Video chats for groups for meetings and the like. One-on-one services are already easier. In particular most chat clients seem to go OK. Maybe check out someone else’s listing if you want to get in-depth here.

Also Hangouts, Zoom…

Jitsi

Jitsi is open source and free, and the only one here which makes an attempt to protect your data from the company which hosts it. It’s browser based and requires no downloads on desktop.

Go ahead, video chat with the whole team. In fact, invite everyone you know. Jitsi Meet is a fully encrypted, 100% open source video conferencing solution that you can use all day, every day, for free — with no account needed.

I would like to know about the moderation features.

Having used it successfully I recommend it; I handles unlimited length meetings unlike commercial competitors. I am told it can in practice handle up to 35-ish participants. It will permit up to 75 to attempt to meet.

Lozya

Lozya is a video conferencing app which also simulates a virtual space in which to conference, so you can hide in a corner and talk with your mates. It is cute but I know little else about it.

Zoom

Zoom seems to be the current default one. it seems suspicious:

Zoom’s privacy page states: "Whether you have Zoom account or not, we may collect Personal Data from or about you when you use or otherwise interact with our Products." This includes, but is not limited to, your physical address, phone number, your job title, credit and debit card information, your Facebook account, your IP address, your OS and device details, and more."

It has been caught covertly tracking you for Facebook. (UPDATE: Fixed when busted.) It actively monitors content in some ill-explained way. There has been such a copious fountain of zoom security gaffes that zoom-bashing feels like a thriving industry in its own right.

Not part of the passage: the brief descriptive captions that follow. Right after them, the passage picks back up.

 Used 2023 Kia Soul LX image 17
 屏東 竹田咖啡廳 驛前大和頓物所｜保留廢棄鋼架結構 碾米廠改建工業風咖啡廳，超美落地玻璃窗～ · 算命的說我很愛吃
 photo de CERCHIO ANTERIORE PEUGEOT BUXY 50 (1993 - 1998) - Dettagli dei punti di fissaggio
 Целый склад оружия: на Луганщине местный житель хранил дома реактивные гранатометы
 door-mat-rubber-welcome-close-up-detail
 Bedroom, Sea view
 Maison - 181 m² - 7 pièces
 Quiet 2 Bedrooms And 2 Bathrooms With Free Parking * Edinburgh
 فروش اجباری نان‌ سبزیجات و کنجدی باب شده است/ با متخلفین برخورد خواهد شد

As with Skype, you can reduce the harm of this bit of spyware by not using the app, but keeping it sandboxed in your browser. Regardless of such precautions, it, like skype, is not end-to-end encrypted so you should expect your calls to get intercepted by nation-state or other in addition to whatever the company does internally with their data. of the various privacy infractions:

Skype

Skype is elderly video software without any especially useful qualities except for inertia to compensate for its downsides. Downsides include the fact that it is honeypot spyware, that reads your passwords and records your messages for unaccountable american surveillance programs. But you have some colleagues who are determined to use it, of course. You could run it in a docker jail, but it is probably simpler to use the web client. This will still let them monitor your calls, but at least it won’t waste your disk space or require you to install their suspect dumpster fire app.